The Future of Independent Agents: Added Client Value Through Bolt-on Services

November 3, 2025 by

Independent insurance agents face a crossroads. Traditional insurance products such as auto, home, renters, and even small commercial are becoming increasingly commoditized. Carriers streamline offerings to keep premiums competitive, and direct-to-consumer websites let customers compare coverage in minutes. Agents whose businesses are built solely on selling these commoditized products risk becoming obsolete.

But there is an opportunity for independent agents to save themselves: technology-enabled bolt-on insurance products. By offering value-added services that go beyond basic coverage, agents can elevate themselves from transactional sellers to trusted advisors. In doing so, they will build stronger client relationships, reduce churn, and create additional revenue streams that extend well beyond standard insurance policy commissions.

Bolt-on products are supplemental services layered onto core insurance offerings. While roadside assistance or wellness discounts are familiar aspects of this genre, the next wave of bolt-ons will be increasingly sophisticated, tech-driven, and client-specific. For insurance agents, these tools allow them to better understand client risk exposures, address holistic needs, and demonstrate ongoing value in ways online marketplaces cannot replicate.

By recommending bolt-ons that address the specific risk mitigation needs of their clients, agents prove they aren’t just selling a policy; they are actively looking for ways to protect clients and their assets. That is the type of value-add that cements loyalty in an otherwise commoditized market.

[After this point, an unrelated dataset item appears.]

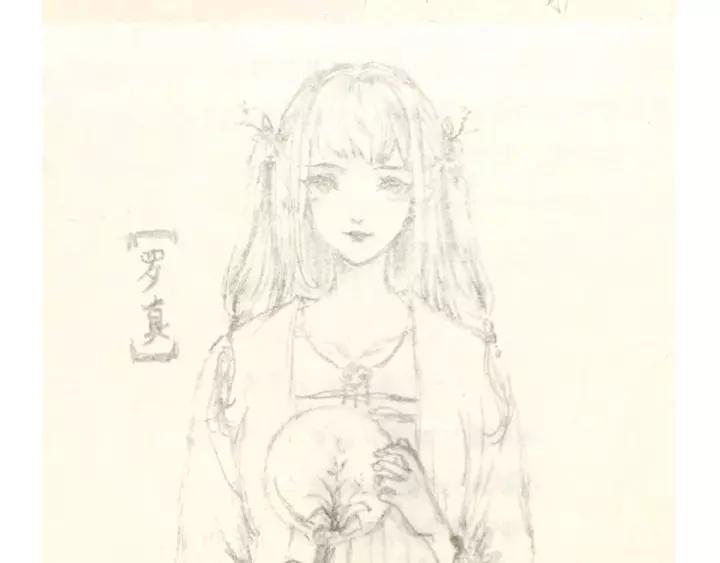赤色四叶草韩漫全集-089 诅咒的羁绊（上）无删减无遮挡章节图片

While many bolt-ons already exist, including tenant legal expense coverage, pet injury coverage, roadside programs, equipment breakdown coverage, or health and wellness initiatives, technology is driving the most exciting new opportunities to protect clients and provide additional revenue streams for agents. Here are a few forward-looking examples that highlight the potential:

  • Cyber protection for individuals and families. Most small business clients are familiar with cyber liability coverage. But cyber protection as a bolt-on for individuals is an underdeveloped market. With identity theft, online scams, and ransomware affecting families as much as corporations, new tech-enabled policies are emerging that combine insurance coverage with proactive tools: credit monitoring, password management apps, and even family-friendly cybersecurity coaching. For agents, these in-demand bolt-ons bridge the gap between traditional coverage and digital-age risk while simultaneously positioning them as forward-thinking advisors on 21st-century exposures.
  • Smart home and IoT risk services. As more households install smart thermostats, water leak detectors and security systems, insurers are experimenting with bolt-ons that connect to these devices. These preventative programs don’t just provide claims coverage; they prevent losses before they happen. For example, a smart water monitor linked to an app can alert homeowners, and their insurer, about a leak before it floods the home. This type of bolt-on is a natural extension of the insurance promise: not just to pay for losses but to help avoid them.
  • Gig economy and lifestyle-specific coverage. Another emerging category of bolt-ons tailors coverage to nontraditional work and lifestyle patterns. Consider micro-insurance that activates when a client drives for a ride-share company or rents out their home for short stays. Or think of lifestyle bolt-ons tied to travel, such as instant luggage protection or access to telemedicine while abroad, offered via mobile platforms. These on-demand, tech-enabled products give agents new ways to serve clients whose needs evolve beyond nine-to-five jobs and standard living arrangements.

Legal services products like document review or mediation insurance, which is a new product we introduced in the U.S. this summer, illustrate additional value-add for agents to provide peace of mind in areas clients don’t always consider until it’s too late.

Many early-stage entrepreneurs, small businesses, and even individuals who may own a handful of rental properties often avoid seeking appropriate legal review or advice due to the associated costs.

With legal bolt-on services, individuals and small businesses get affordable access to not only AI-driven but human attorney-led legal document services, as well as the opportunity to seek advice from licensed attorneys to avoid potential costly litigation.

For agents, the key is to weave these options into a broader client conversation, positioning them as essential components of a comprehensive strategy rather than peripheral additions.

There are two primary reasons why bolt-on products should be central to the modern agent’s strategy:

Agents don’t have to invent these solutions themselves. Many bolt-ons already exist, and more are coming to market every year. The key is to ask carriers what they offer, request new bolt-on products where they are lacking, and proactively introduce them to clients.

In doing so, agents take ownership of their business evolution. They are no longer mere intermediaries in the insurance transaction; they are curators of a complete suite of services that help protect clients across their personal and professional lives.

The future of independent insurance agents won’t be written by price comparisons or automated quote engines. It will be defined by their ability to provide ongoing value through technology in ways technology alone cannot replicate. Bolt-on products, whether familiar or emerging, are a critical part of that equation.

By embracing bolt-ons and the growing value they offer, agents can transform themselves into indispensable advisors and ensure their own relevance in a rapidly changing industry.